All drones (except Nano drones operating in the green zone) shall be required to mandatorily share their real-time location through the network to the Centre either directly or through third-party service providers.
Service providers will be permitted to charge drone operators a service fee and a small portion of it might have to be shared with the Airports Authority of India (AAI), which manages the ATM.
What necessitated a separate framework for drones?
Current air traffic management (ATM) systems have not been designed to handle the traffic from unmanned aircraft.
Also, Integration of unmanned aircraft in the Indian airspace using conventional means may require unmanned aircraft to be equipped with bulky and expensive hardware, which is neither feasible nor advisable.
Moreover, traditional traffic management services provided by ATCs (air traffic controllers) for manned aircraft cannot be scaled for managing drone traffic which is expected to become at least 100 times higher since the traditional ATM is manual and requires human intervention.

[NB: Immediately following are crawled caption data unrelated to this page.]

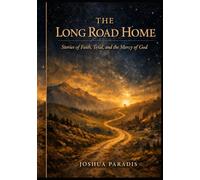 The Long Road Home: Stories of Faith, Trial, and the Mercy of God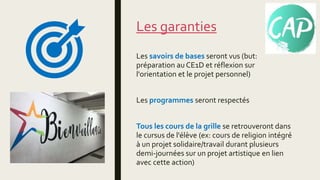 Les garanties
Les savoirs de bases seront vus (but:
préparation au CE1D et réflexion sur
l'orientation et le projet personnel)
Les programmes seront respectés
Tous les cours de la grille se retrouveront dans
le cursus de l'élève (ex: cours de religion intégré
à un projet solidaire/travail durant plusieurs
demi-journées sur un projet artistique en lien
avec cette action)
 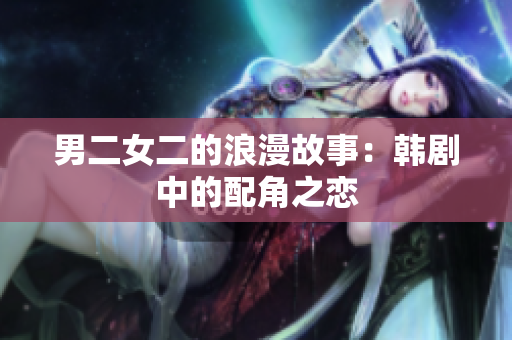 男二女二的浪漫故事：韩剧中的配角之恋
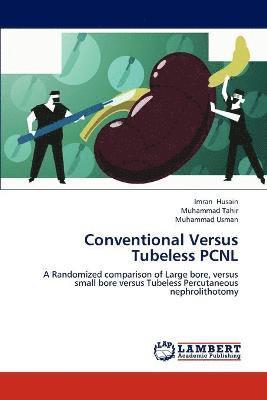 Imran Husain, Muhammad Tahir, Muhammad Usman - Conventional Versus Tubeless Pcnl, Häftad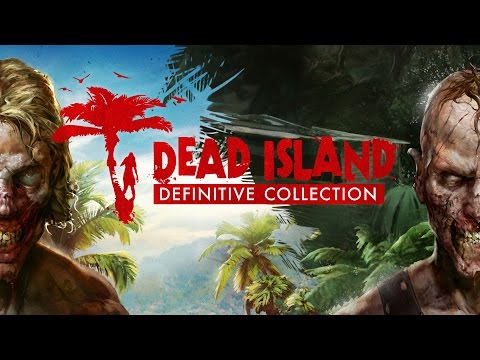 Dead Island Definitive Collection - Announcement Trailer [US]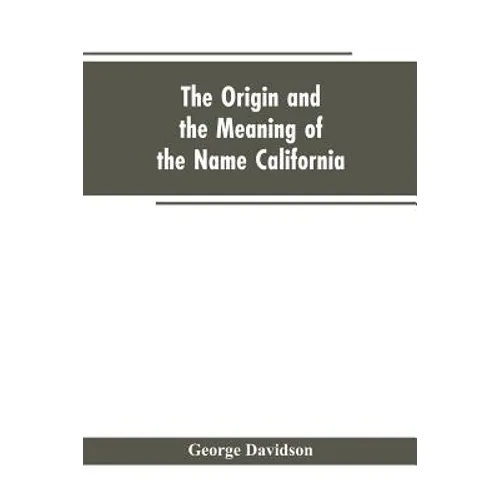 The Origin and the Meaning of the Name California: Calafia the Queen of the Island of California, Title Page of Las Sergas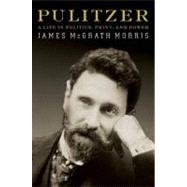 Pulitzer : A Life in Politics, Print, and Power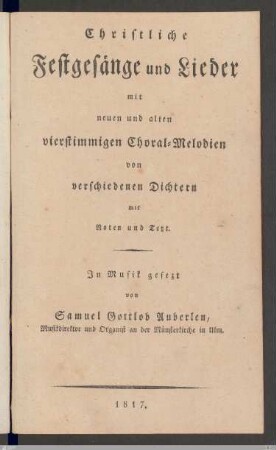 Christliche Festgesänge und Lieder : mit neuen und alten vierstimmigen Choral-Melodien : von verschiedenen Dichtern mit Noten und Text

Drone management in India:
The Union government had on September 15 approved a production-linked incentive (PLI) scheme for drones and drone components with an allocation of Rs 120 crore spread over three financial years.
The ministry had on August 25 notified the Drone Rules, 2021 that eased the regulation of drone operations in India by reducing the number of forms that need to be filled to operate them from 25 to five and decreasing the types of fees charged from the operator from 72 to four.

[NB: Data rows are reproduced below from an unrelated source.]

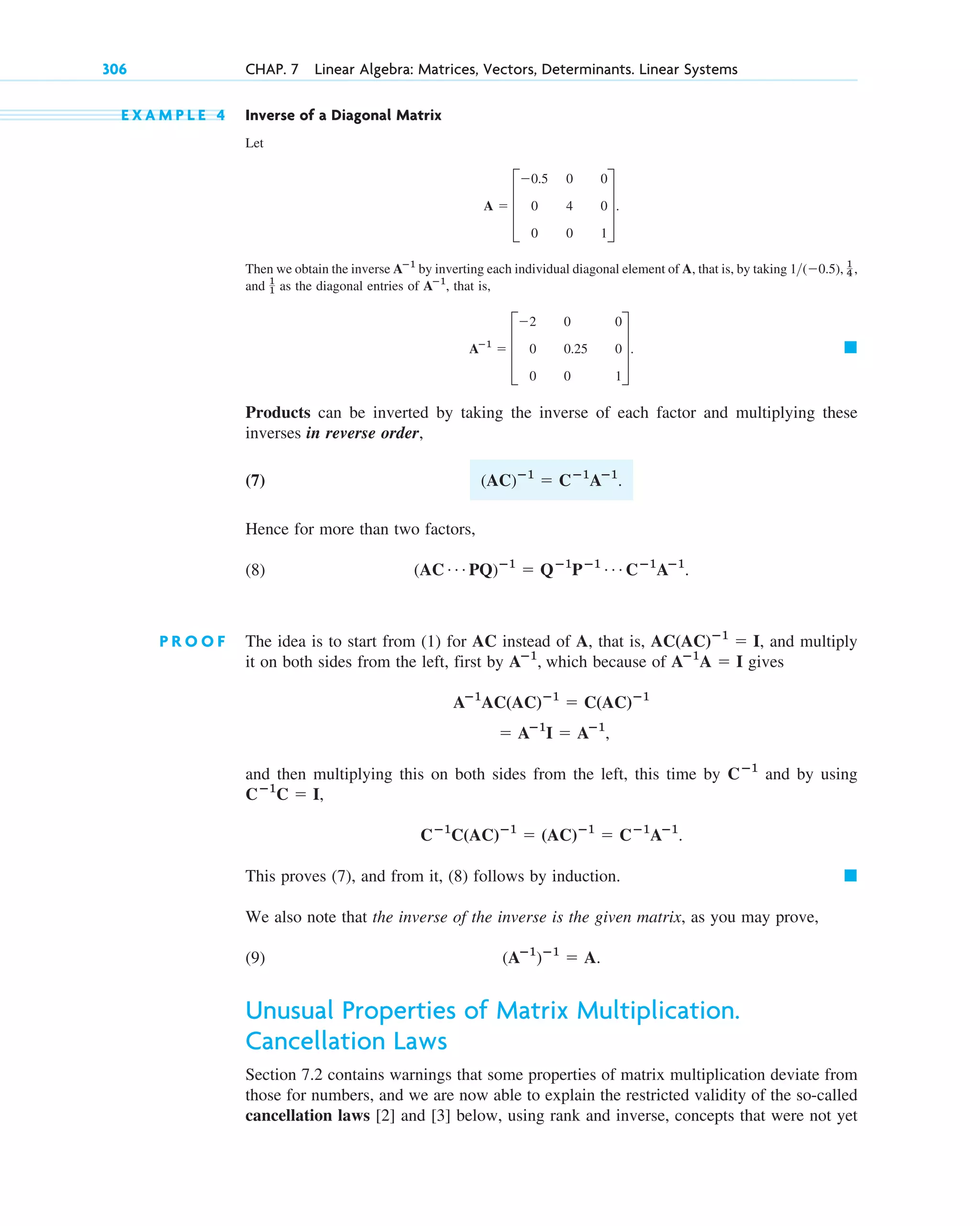 E X A M P L E 4 Inverse of a Diagonal Matrix
Let
Then we obtain the inverse by inverting each individual diagonal element of A, that is, by taking
and as the diagonal entries of , that is,
Products can be inverted by taking the inverse of each factor and multiplying these
inverses in reverse order,
(7)
Hence for more than two factors,
(8)
P R O O F The idea is to start from (1) for AC instead of A, that is, , and multiply
it on both sides from the left, first by which because of gives
and then multiplying this on both sides from the left, this time by and by using
This proves (7), and from it, (8) follows by induction.
We also note that the inverse of the inverse is the given matrix, as you may prove,
(9)
Unusual Properties of Matrix Multiplication.
Cancellation Laws
Section 7.2 contains warnings that some properties of matrix multiplication deviate from
those for numbers, and we are now able to explain the restricted validity of the so-called
cancellation laws [2] and [3] below, using rank and inverse, concepts that were not yet
(Aⴚ1
)ⴚ1
 A.
䊏
Cⴚ1
C(AC)ⴚ1
 (AC)ⴚ1
 Cⴚ1
Aⴚ1
.
Cⴚ1
C  I,
Cⴚ1
 Aⴚ1
I  Aⴚ1
,
Aⴚ1
AC(AC)ⴚ1
 C(AC)ⴚ1
Aⴚ1
A  I
Aⴚ1
,
AC(AC)ⴚ1
 I
(AC Á PQ)ⴚ1
 Qⴚ1
Pⴚ1 Á Cⴚ1
Aⴚ1
.
(AC)ⴚ1
 Cⴚ1
Aⴚ1
.
䊏
Aⴚ1
 D
2 0 0
0 0.25 0
0 0 1
T.
Aⴚ1
1
1
1(0.5), 1
4 ,
Aⴚ1
A  D
0.5 0 0
0 4 0
0 0 1
T.
306 CHAP. 7 Linear Algebra: Matrices, Vectors, Determinants. Linear Systems
c07.qxd 10/28/10 7:30 PM Page 306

Need for stricter rules and regulations:
Recently, Drones were used for the first time to drop explosive devices, triggering blasts inside the Air Force Station’s technical area in Jammu.
Over the past two years, drones have been deployed regularly by Pakistan-based outfits to smuggle arms, ammunition and drugs into Indian territory.
According to government figures, 167 drone sightings were recorded along the border with Pakistan in 2019, and in 2020, there were 77 such sightings.
With the rapid proliferation of drone technology and exponential growth of its global market in recent years, the possibility of a drone attack cannot be ruled out even in the safest cities in the world.
Drones are becoming security threats particularly in conflict zones where non-state actors are active and have easy access to the technology.